(Short text fragments from websites)

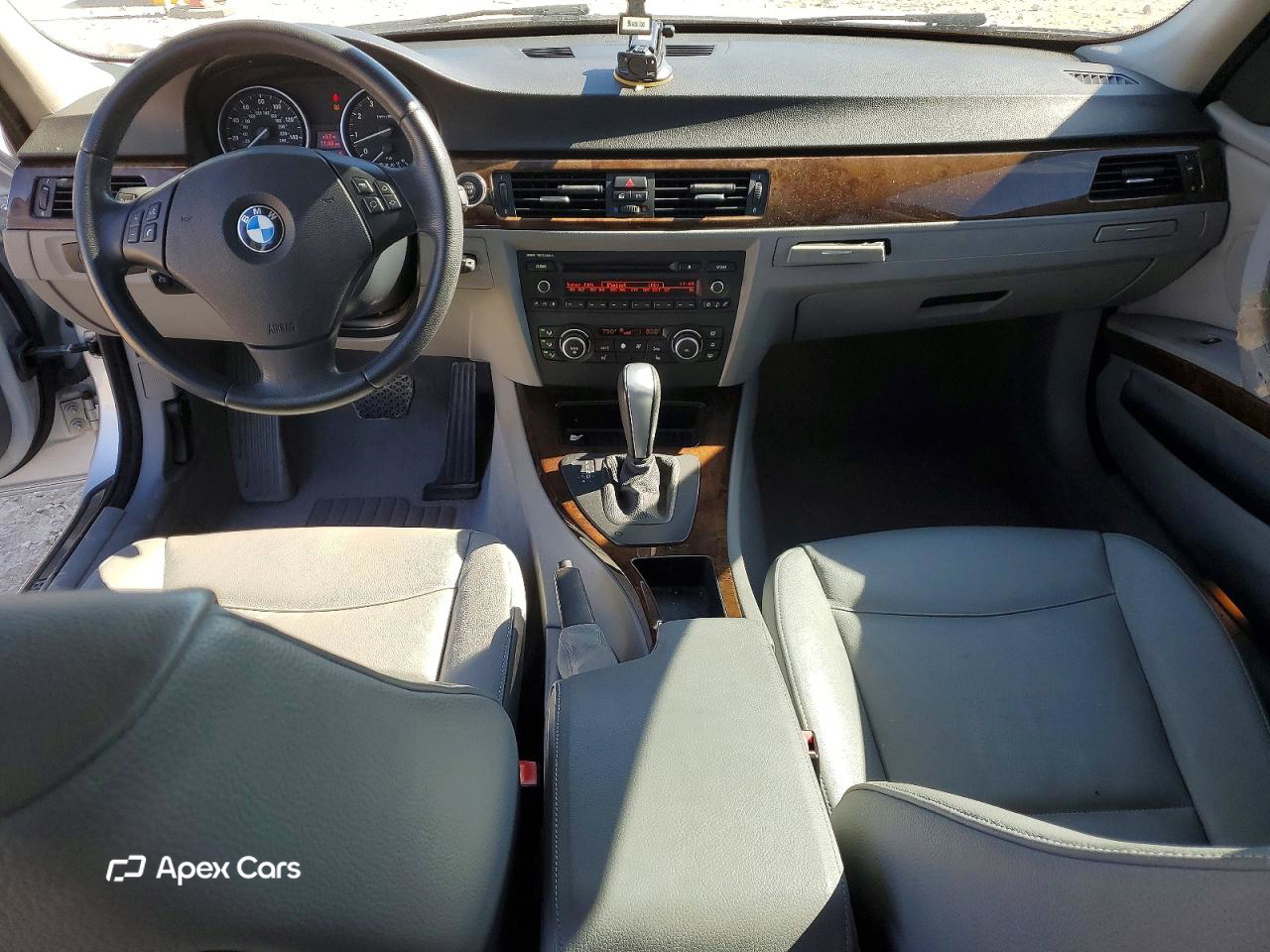 BMW Series 3 2010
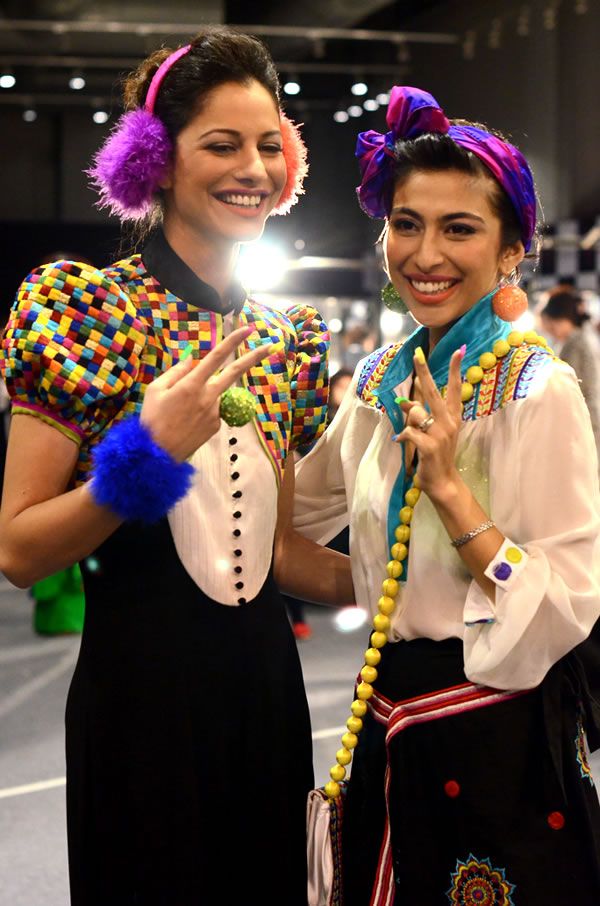 Backstage PFDC Sunsilk Fashion Week 2012 - Day 3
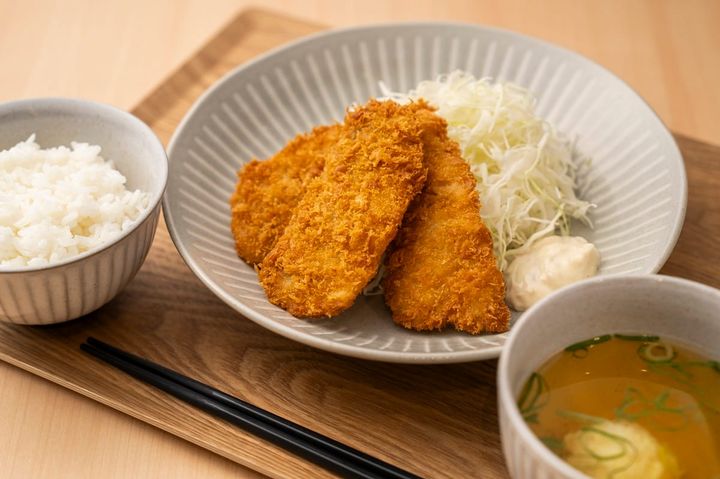 「アジフライ定食」ランチタイム 1100円（土・日曜、祝日は1200円）、ランチタイム以外 1200円（土・日曜、祝日は1300円）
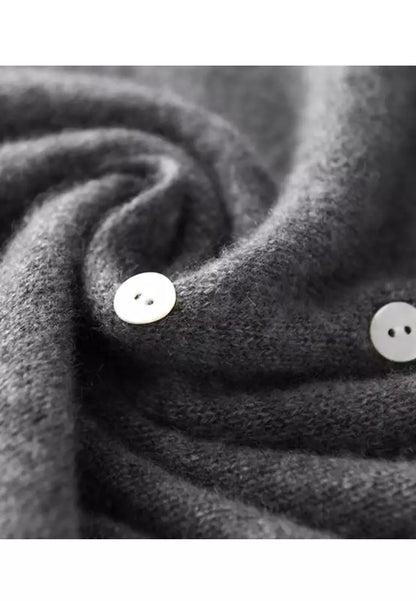 Aurélie | Pull pour femme cachemire doux à boutonnière décalée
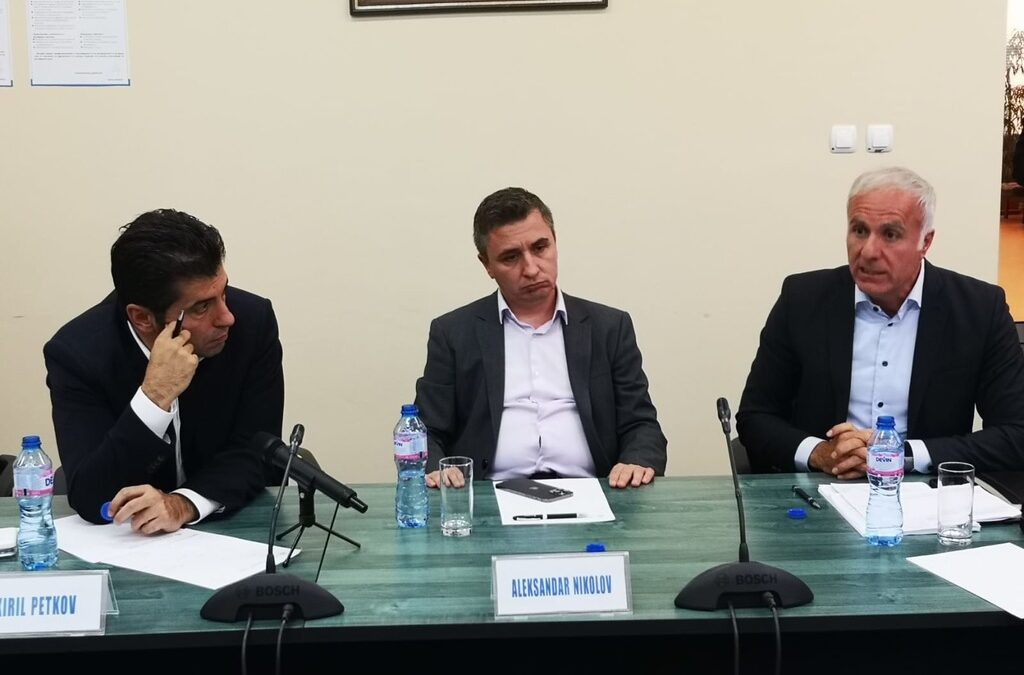 С прогноза за пет години война Петков поиска алтернативно гориво за АЕЦ "Козлодуй" С прогноза за пет години война Петков поиска алтернативно гориво за АЕЦ "Козлодуй"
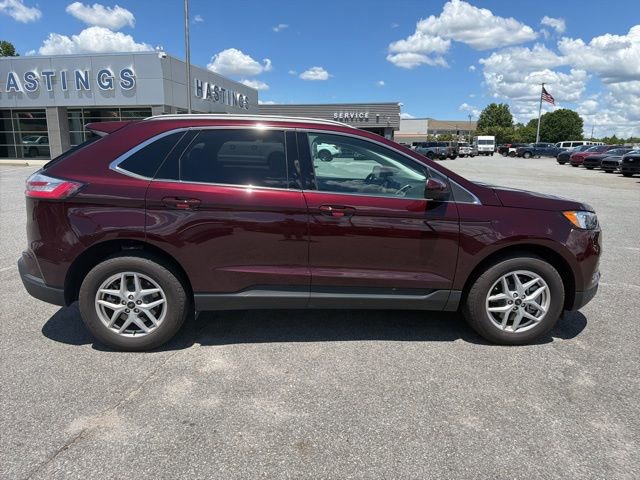 Certified 2024 Ford Edge SEL w/ Convenience Package AWD/4WD image 7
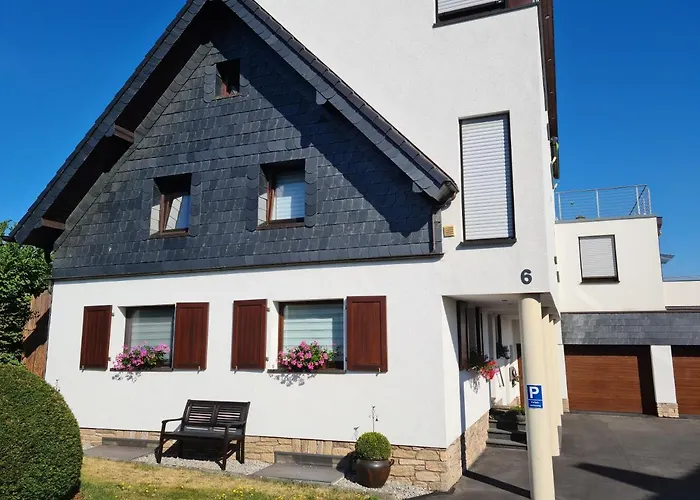 Katharina 4 Sterne Laut Dtv Wallbox 11kw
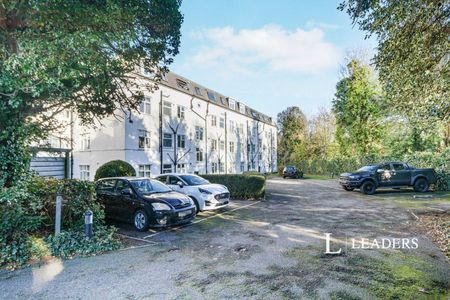 2 bedroom apartment to rent Weihurst Court, Carshalton Road, Sutton, SM1 - Photo 2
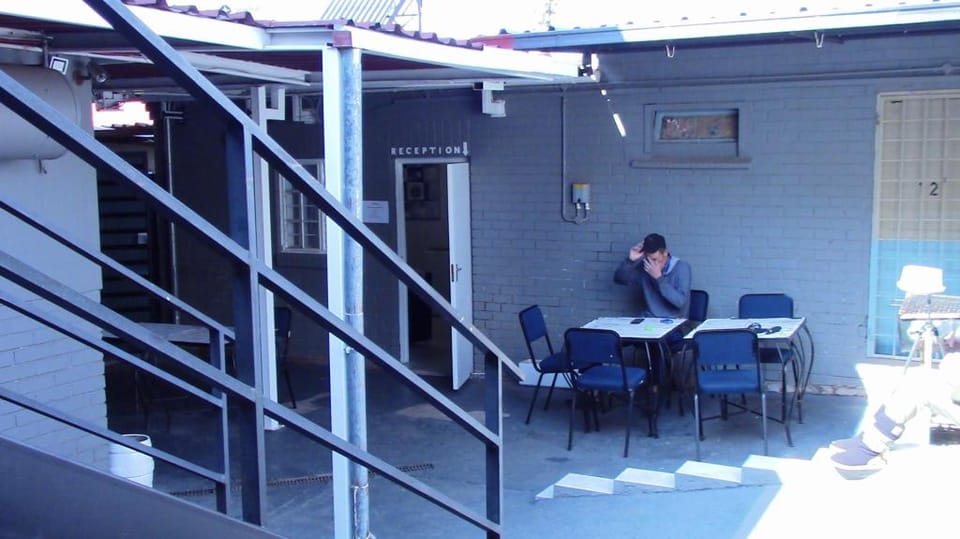 The Office - 5 Self Catering Rooms With Bathroom  Apartment in Johannesburg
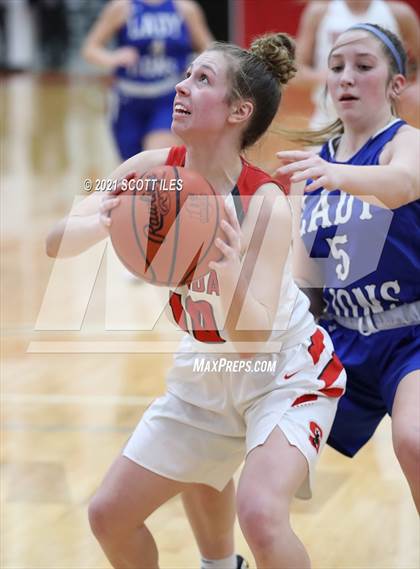 Thumbnail 1 in Washington @ Sheridan (OHSAA D2 Sectional Playoff) photogallery.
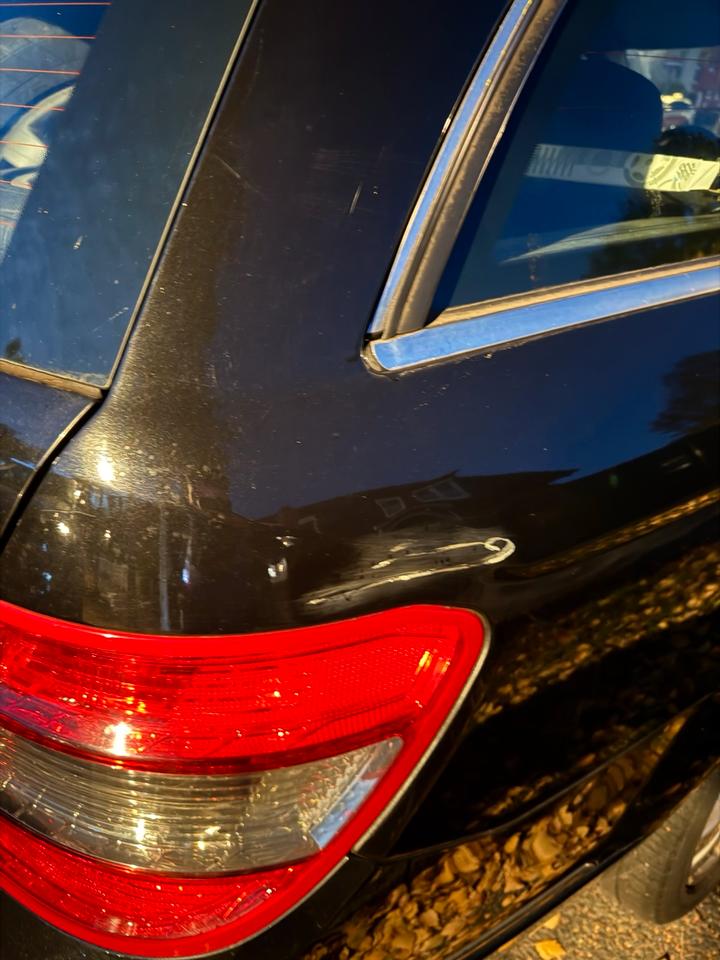 Mercedes Benz C 180 2009 — photo 12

**What to work on**
Retype, without any picture, exactly the lines from the one with "The Office - 5" through the end of the entries, inclusive.

**Exercise response**
 The Office - 5 Self Catering Rooms With Bathroom  Apartment in Johannesburg
 Thumbnail 1 in Washington @ Sheridan (OHSAA D2 Sectional Playoff) photogallery.
 Mercedes Benz C 180 2009 — photo 12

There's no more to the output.